Greep naar het verleden door Vera Wijnberg
Van in de klas naar voor de klas
Je hebt het vast wel eens gehoord: het docentschap is een roeping. Niet volgens Ghislaine van Heerde. Zij zit al zo’n 30 jaar in het onderwijs, maar na de middelbare school wist ze eigenlijk totaal niet wat ze wilde. Nu is ze directrice van een basisschool in Deventer en heeft ze haar passie voor het onderwijs helemaal gevonden.
Hoe was jij als leerling?
“Ik kon altijd goed leren. Het ging me allemaal makkelijk af.
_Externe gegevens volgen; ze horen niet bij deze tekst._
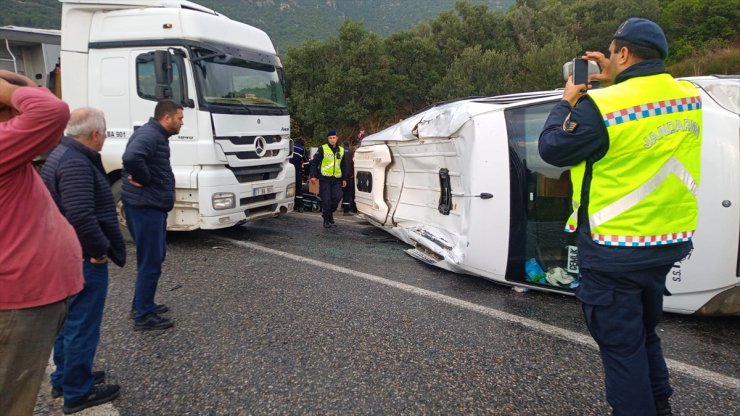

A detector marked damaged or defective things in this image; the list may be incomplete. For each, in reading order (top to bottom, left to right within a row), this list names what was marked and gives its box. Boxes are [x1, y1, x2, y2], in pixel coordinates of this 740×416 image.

overturned white van [356, 75, 736, 316]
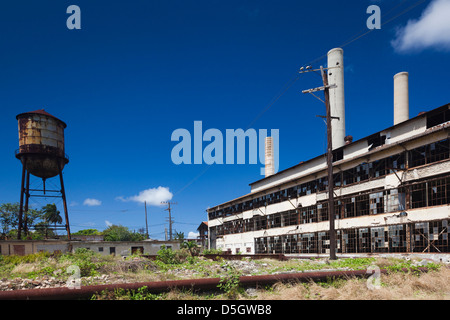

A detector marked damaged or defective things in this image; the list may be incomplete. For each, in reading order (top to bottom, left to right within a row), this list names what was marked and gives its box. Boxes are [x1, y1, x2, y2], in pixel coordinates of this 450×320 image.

rusty water tower [15, 110, 71, 240]
rusty rail [0, 268, 428, 300]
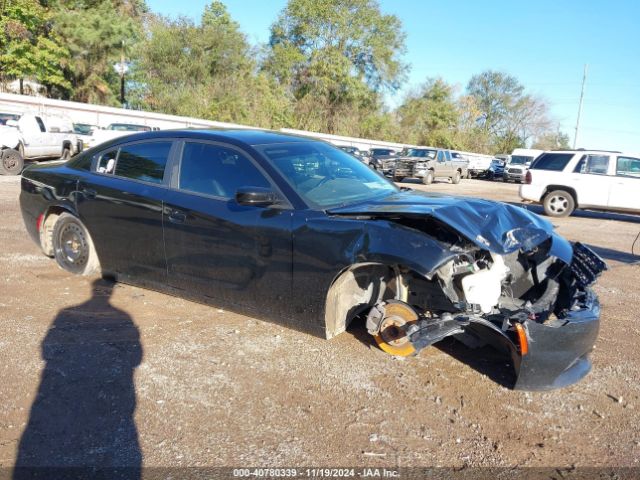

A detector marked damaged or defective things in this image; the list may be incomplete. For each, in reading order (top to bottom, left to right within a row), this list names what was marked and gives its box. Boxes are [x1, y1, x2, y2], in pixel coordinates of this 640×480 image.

damaged hood [328, 189, 564, 256]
Daardoor kon ik op de basisschool veel dingen doen naast mijn schoolwerk. Ik heb heel wat getekend en geschreven. De lessen waren toen al best modern. We deden veel aan drama, theater en we maakten veel werkstukken. We mochten veel zelfstandig werken. Dat vond ik ontzettend fijn. Ik ging graag mijn eigen gang. Op de middelbare school begon ik met hele hoge cijfers, maar vanaf de tweede klas dacht ik: dit kan ook anders. Vanaf toen begon ik precies genoeg te doen om een voldoende te halen. Efficiënt leren noemen ze dat tegenwoordig geloof ik. Ik vond de middelbare school niet zo interessant, het was een moetje.”
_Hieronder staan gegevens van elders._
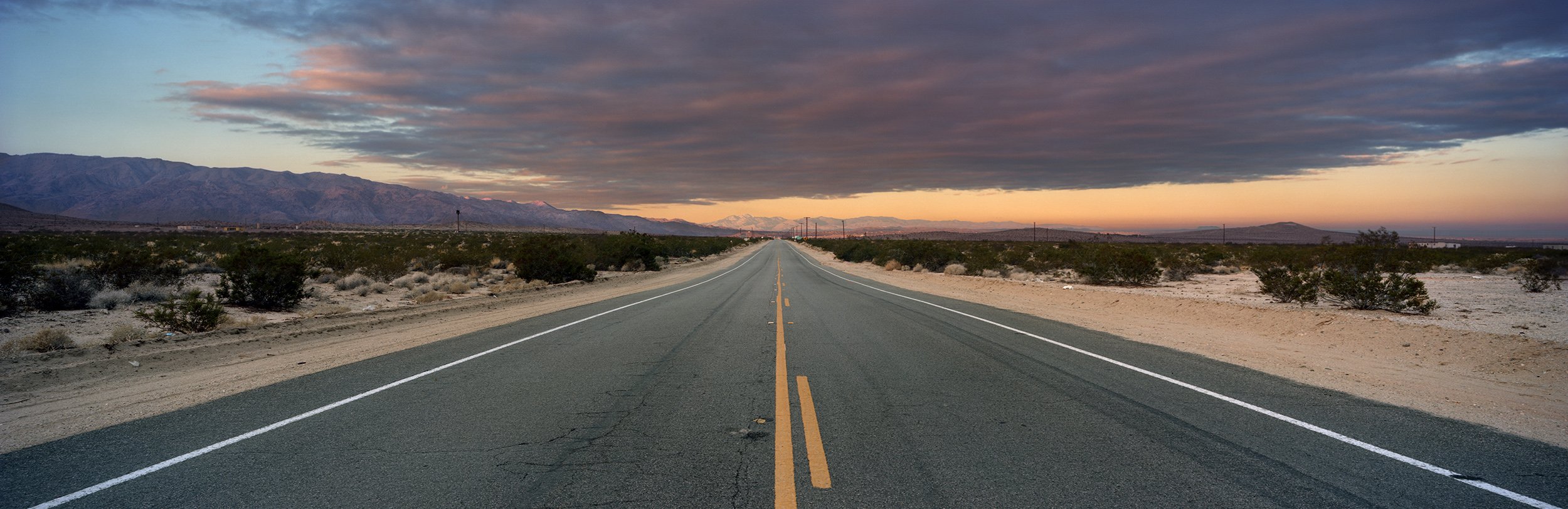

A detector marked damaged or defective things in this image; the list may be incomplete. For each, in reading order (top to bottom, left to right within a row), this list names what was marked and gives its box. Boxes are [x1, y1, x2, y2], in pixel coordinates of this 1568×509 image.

cracked asphalt [3, 240, 1568, 505]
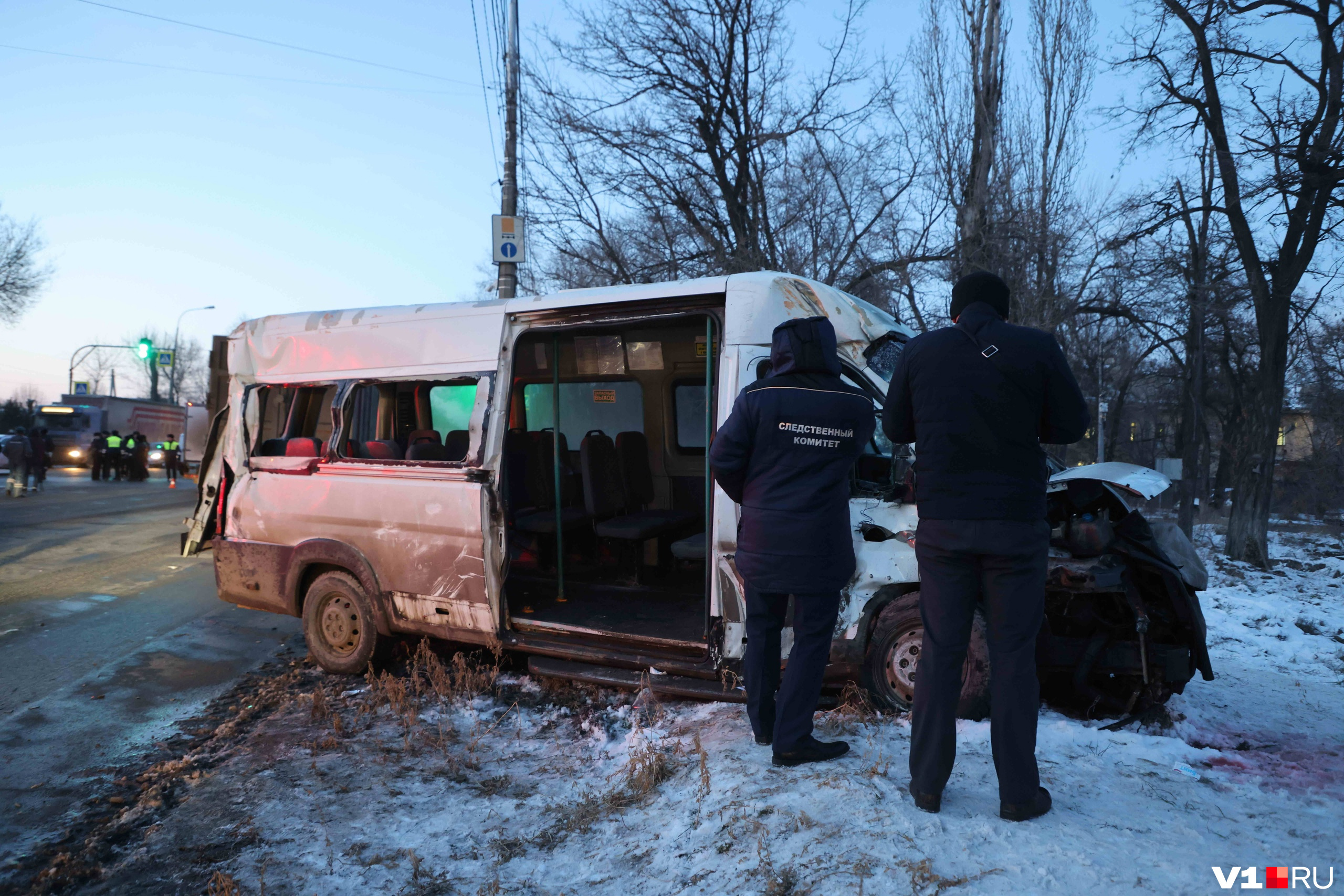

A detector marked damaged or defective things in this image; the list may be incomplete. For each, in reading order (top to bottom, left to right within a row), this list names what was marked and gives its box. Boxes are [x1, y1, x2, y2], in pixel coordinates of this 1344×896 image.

wrecked white minibus [184, 274, 1215, 720]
Wat heeft jou geprikkeld om het onderwijs in te gaan?
“Op de middelbare school heb ik veel beroepstesten gedaan, maar er kwam elke keer weer iets anders uit. Mijn zusje wist wel al heel lang dat ze juf wilde worden, dus zo kwam ik op het idee om naar een open dag te gaan. Ik sprak daar zulke leuke mensen, de sfeer was echt goed. Zodoende ben ik aan de lerarenopleiding begonnen. Tijdens de opleiding ben ik het onderwijs enorm gaan waarderen. Ook vond ik de vakken (vooral de creatieve vakken) ontzettend leuk en ik had veel vriendinnen op de opleiding. Ik vind het lastig om te zeggen wanneer ik precies wist dat ik echt in het onderwijs wilde werken. Het is denk ik langzamerhand steeds meer gaan groeien tijdens de opleiding, en tijdens het werken al helemaal. Dan leer je pas echt hoe het allemaal werkt en wat het docentschap precies inhoudt.”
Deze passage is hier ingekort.